Friday, March 9, 2012

EKG Lab

Yet again, we had some more fun tests to perform in the lab.  This time it was an EKG lab.  In this lab we got to play around a lot with different ways of taking blood pressure.  Everything from blood pressure cuffs to more accurate hand grips that hooked up to a recording program on a computer.  I’m really not a fan of blood pressure cuffs…they just freak me out…claustrophobia…ew, ew.  So, I decided to watch rather than volunteer my scrawny arm! 
An EKG is first and foremost, a graphical recording of the events occurring within the heart.  It records the natural pace and movement of the heart and can give good insight into the health of the heart and thus the rest of the body.  There are five parts to a single heartbeat, the P wave or atrial contraction, the QRS or ventricular contraction and finally the T wave which is the ventricular repolarization.  Viewing the EKG tracing of the heart can prove disorders or abnormalities in the heart.  For our lab we recorded for five seconds the electrical activity of the heart.  We then switched the red and green leads to simulate the change in electrical activity.  We started by connecting a green(negative) and black(ground) cords to the right arm and red(positive) cord to the left forearm.  The cords were connected to the recording program on the computer, we then collected the data from the model.  We then exchanged the clips with the other arm and recorded again.  Here is our data.

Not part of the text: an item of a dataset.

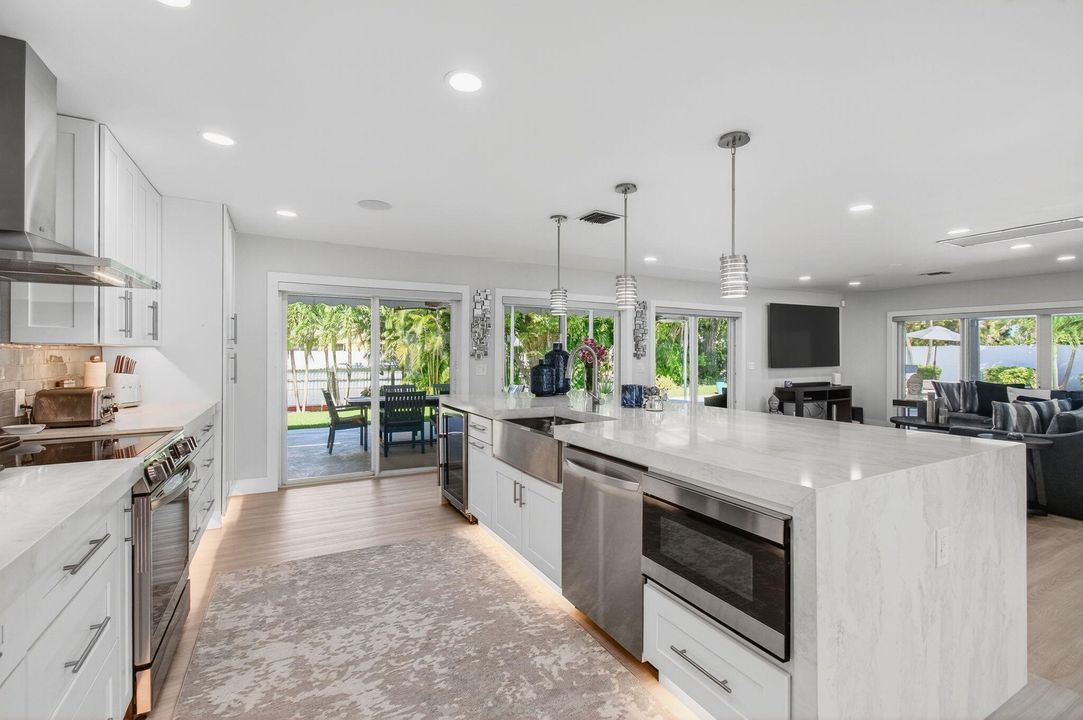 合同活跃: $1,875,000 (3 贝兹, 2 浴室, 1944 平方英尺)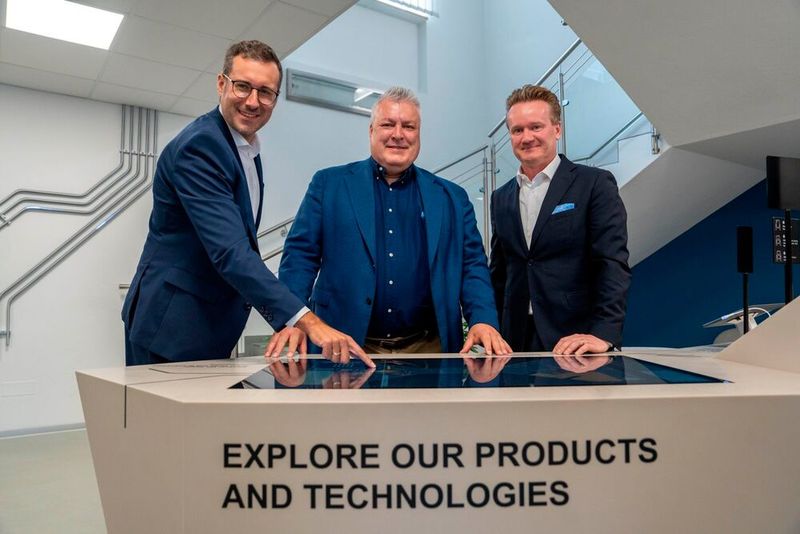 Standortleiter Christopher Hermann, CEO Michael Mertin und IV-Präsident Georg Knill (von links) eröffneten offiziell die neue, interaktive Erlebniswelt für Besucher am AT&S-Standort Fehring.  (Bild: AT&S)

Interval                       Time
P-R                         .089s  .104s
QRS                        .079s  .069s
Q-T                         .257s  .140
R-R                         .666s  .562

Heart Rate (BPM)            39.96   33.72

After researching this data we could explore further on what a healthy/average heart rate would be for different ages, genders etc.  This may be something I will be looking into further for another post.  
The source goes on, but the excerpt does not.